**Task goal**: Every line of the data below should be retyped exactly, with no images carried over.

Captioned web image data
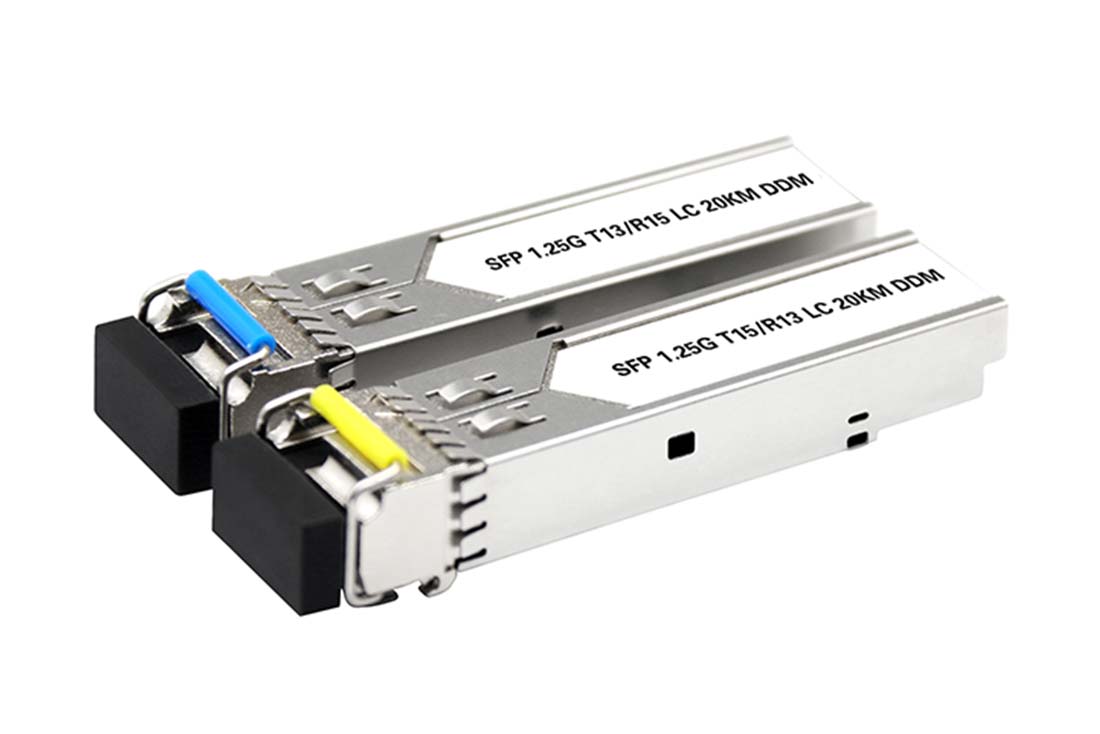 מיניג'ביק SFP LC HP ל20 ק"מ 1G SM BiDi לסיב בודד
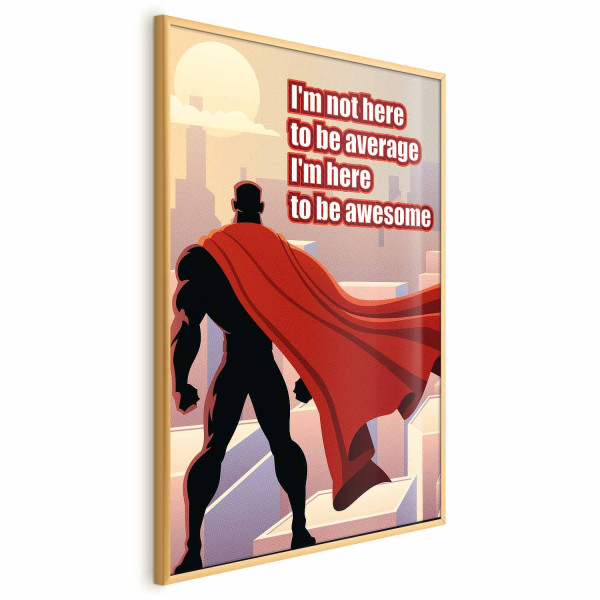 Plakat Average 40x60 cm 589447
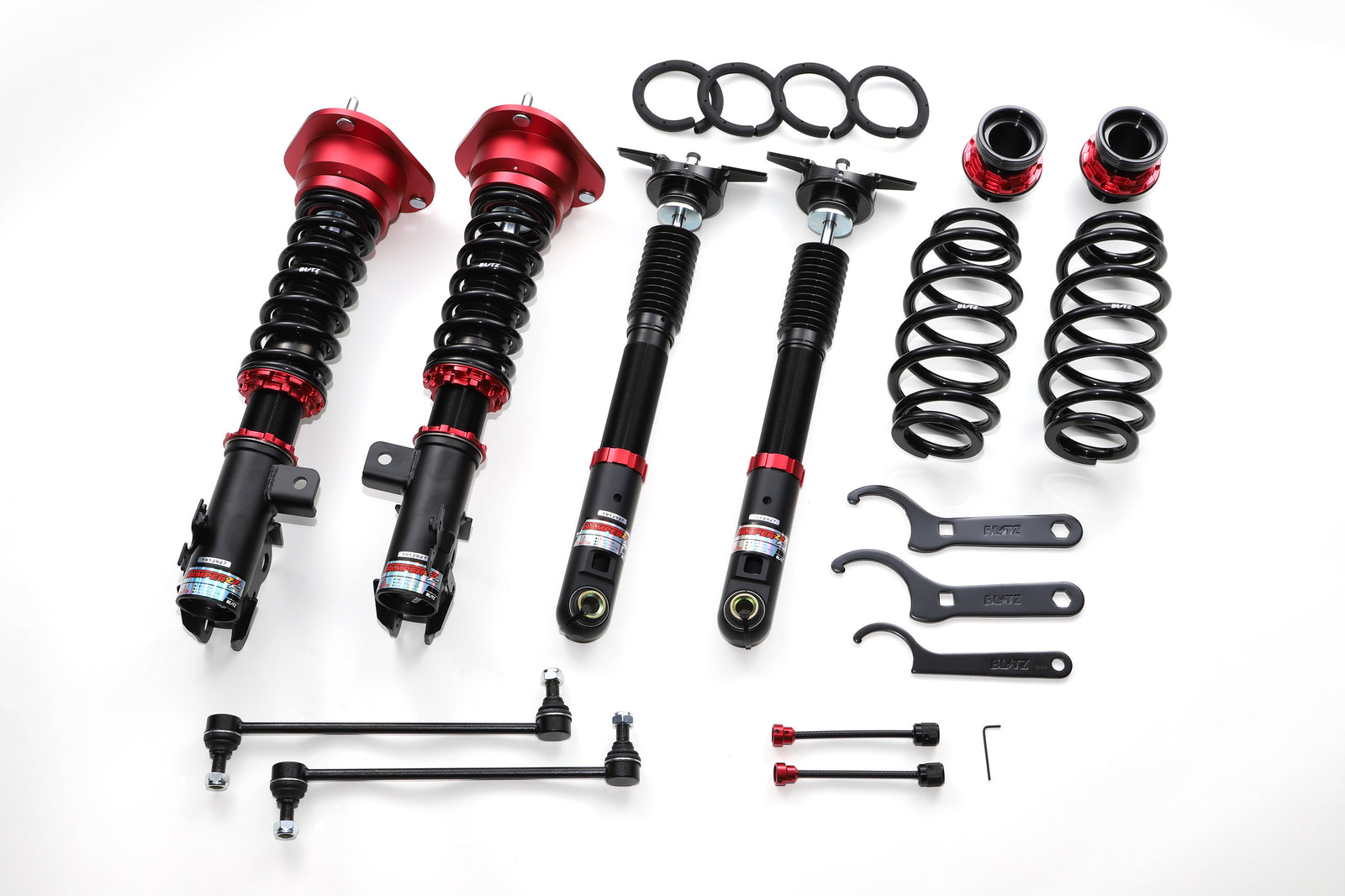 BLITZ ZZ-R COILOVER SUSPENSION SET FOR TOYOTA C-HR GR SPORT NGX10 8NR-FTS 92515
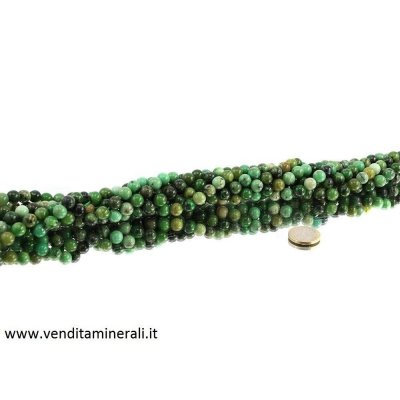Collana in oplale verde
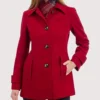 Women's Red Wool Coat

**Result for this task**:
 מיניג'ביק SFP LC HP ל20 ק"מ 1G SM BiDi לסיב בודד
 Plakat Average 40x60 cm 589447
 BLITZ ZZ-R COILOVER SUSPENSION SET FOR TOYOTA C-HR GR SPORT NGX10 8NR-FTS 92515
Collana in oplale verde
 Women's Red Wool Coat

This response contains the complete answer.